Artículo publicado en la Revista Ronda Somontano el 14 de octubre de 2016.

Dicen que hace miles de años que las gentes que vivían a orillas del Río Vero comenzaron a cultivar semillas y a criar animales. Abandonaron su nomadismo, dependiente de los ciclos de la fauna salvaje y la estacionalidad de las plantas, para quedarse aquí. Lo dicen las piedras que conforman las paredes de las cuevas que, sobreviviendo al tiempo, nos cuentan historias de mujeres y hombres que domesticaban rumiantes y que quedaron immortalizados para siempre con unos pigmentos minerales en las profundidades del Somontano.

He de confesar que, aunque siempre he sabido de la existencia de las pinturas rupestres del Parque Cultural del Río Vero, fue cuando descubrí que uno de esos abrigos llenos de dibujos se llamaba “El tozal de Mallata” y que en esa Mallata se había inmortalizado a gente llevando con cuerdas a rumiantes, como imagen de las primeras domesticaciones, cuando estas comenzaron a llamarme la atención y cuando se afincaron en mi cabeza.

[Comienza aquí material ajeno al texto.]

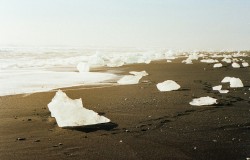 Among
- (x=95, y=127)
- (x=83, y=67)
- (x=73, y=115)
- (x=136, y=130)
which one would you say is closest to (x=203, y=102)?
(x=136, y=130)

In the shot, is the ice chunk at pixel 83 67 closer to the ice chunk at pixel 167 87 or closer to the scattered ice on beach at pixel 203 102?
the ice chunk at pixel 167 87

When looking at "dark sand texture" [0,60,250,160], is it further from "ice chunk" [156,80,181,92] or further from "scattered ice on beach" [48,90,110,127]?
"ice chunk" [156,80,181,92]

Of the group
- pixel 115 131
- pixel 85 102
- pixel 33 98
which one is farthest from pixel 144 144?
pixel 33 98

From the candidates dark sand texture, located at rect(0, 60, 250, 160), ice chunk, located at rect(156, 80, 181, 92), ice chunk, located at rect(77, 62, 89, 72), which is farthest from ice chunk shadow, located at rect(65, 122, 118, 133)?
ice chunk, located at rect(77, 62, 89, 72)

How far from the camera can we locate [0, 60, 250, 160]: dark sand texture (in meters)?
3.93

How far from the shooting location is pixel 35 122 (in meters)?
5.23

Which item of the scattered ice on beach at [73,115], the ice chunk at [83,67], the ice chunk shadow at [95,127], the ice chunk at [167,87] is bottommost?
the ice chunk at [83,67]

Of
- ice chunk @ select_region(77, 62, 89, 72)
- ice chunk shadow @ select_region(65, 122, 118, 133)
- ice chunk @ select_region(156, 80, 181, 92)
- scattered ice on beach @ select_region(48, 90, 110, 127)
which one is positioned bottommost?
ice chunk @ select_region(77, 62, 89, 72)

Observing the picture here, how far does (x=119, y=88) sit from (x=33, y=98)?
210 centimetres

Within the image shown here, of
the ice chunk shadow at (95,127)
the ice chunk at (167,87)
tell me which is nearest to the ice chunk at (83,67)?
the ice chunk at (167,87)

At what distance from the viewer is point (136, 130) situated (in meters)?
4.79

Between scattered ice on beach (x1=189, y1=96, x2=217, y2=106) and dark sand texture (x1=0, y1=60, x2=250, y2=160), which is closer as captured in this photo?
dark sand texture (x1=0, y1=60, x2=250, y2=160)

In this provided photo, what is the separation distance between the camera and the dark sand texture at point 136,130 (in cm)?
393

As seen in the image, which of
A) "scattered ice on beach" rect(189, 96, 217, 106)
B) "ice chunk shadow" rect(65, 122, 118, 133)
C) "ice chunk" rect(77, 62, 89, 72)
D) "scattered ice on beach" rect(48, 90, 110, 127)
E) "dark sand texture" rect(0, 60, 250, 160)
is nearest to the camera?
"dark sand texture" rect(0, 60, 250, 160)
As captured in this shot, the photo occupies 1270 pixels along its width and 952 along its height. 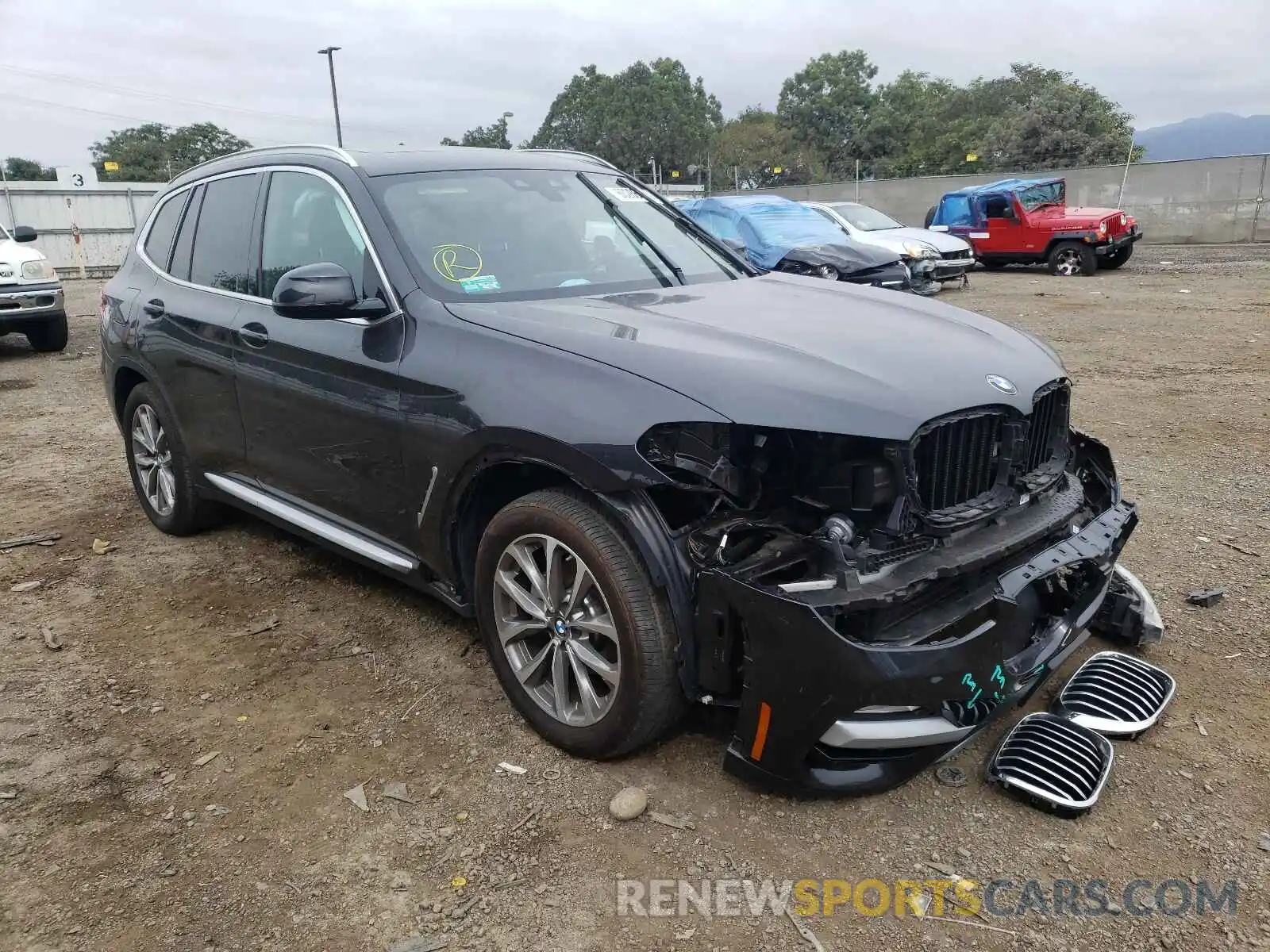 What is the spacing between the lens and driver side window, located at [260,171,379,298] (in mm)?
3302

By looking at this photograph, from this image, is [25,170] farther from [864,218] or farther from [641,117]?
[864,218]

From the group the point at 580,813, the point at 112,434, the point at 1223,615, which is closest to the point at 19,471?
the point at 112,434

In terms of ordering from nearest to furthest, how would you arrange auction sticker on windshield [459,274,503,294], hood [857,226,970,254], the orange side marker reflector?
the orange side marker reflector → auction sticker on windshield [459,274,503,294] → hood [857,226,970,254]

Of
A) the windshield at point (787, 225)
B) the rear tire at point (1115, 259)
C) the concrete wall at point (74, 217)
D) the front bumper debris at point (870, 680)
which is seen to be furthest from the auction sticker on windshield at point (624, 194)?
the concrete wall at point (74, 217)

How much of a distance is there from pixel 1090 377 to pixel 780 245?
21.6ft

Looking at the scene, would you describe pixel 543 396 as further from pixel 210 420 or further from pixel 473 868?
pixel 210 420

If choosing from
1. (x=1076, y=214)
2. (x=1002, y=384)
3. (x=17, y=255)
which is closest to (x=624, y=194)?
(x=1002, y=384)

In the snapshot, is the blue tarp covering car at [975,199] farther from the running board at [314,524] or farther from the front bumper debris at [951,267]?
the running board at [314,524]

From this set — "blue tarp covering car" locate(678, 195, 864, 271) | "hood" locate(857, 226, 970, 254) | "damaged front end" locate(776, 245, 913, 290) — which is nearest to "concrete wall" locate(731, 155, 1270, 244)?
"hood" locate(857, 226, 970, 254)

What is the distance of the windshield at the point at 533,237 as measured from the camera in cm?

Dice Wikipedia, que “una mallata es una cabaña o una estancia apartada de las zonas pobladas, que sirve para recoger al ganado y a los pastores contra el mal tiempo y en las noches que haga falta que pasen los segundos cuidando a los primeros”. El hecho de que en un lugar llamado así se encuentren refugiadas las imágenes de las primeras personas que se dedicaron a la ganadería en la comarca, dice que, aunque hayan pasado milenios, las costumbres de la zona no han cambiado hasta hace poco.

Y es que, ha sido en las últimas décadas cuando el censo de ovejas y cabras ha comenzado a disminuir en el Somontano de Barbastro. No es un hecho aislado, el descenso de la ganadería es común a toda la Península Ibérica, que está viendo como sus ecosistemas, moldeados por la actividad ganadera desde que nuestros antepasados neolíticos decidieron asentarse aquí, se van degradando. Cada vez son mas frecuentes los incendios, porque hay menos animales controlando la vegetación, y también hay menos gente viviendo en los pueblos. Sin embargo, vemos a menudo latas, plásticos y demás basura que no forma parte del medio, que lo contamina, que lo degrada y que destruye la maravilla natural que son el Río Vero y su entorno.

Lo cierto es que una se para a pensarlo, y es, como poco, mágico, que ni los desastres naturales, ni, mas que nada, los humanos, hayan hecho desaparecer la historia pintada de estas tierras. Dicen que hay que conservarlas y estudiarlas porque, además de historia, son obras de arte, pero… ¿Y si fuesen algo más? Quizás sean un mensaje que las gentes de antes nos envían para que no olvidemos que hay que respetar y admirar el medio en el que vivimos, que es del que sale nuestra comida, que es nuestro refugio, y que hay que dejar a las generaciones que vienen detrás un Río Vero lleno de vida y de belleza. Que lo único que puede quedar, son pigmentos naturales que emanan de la tierra.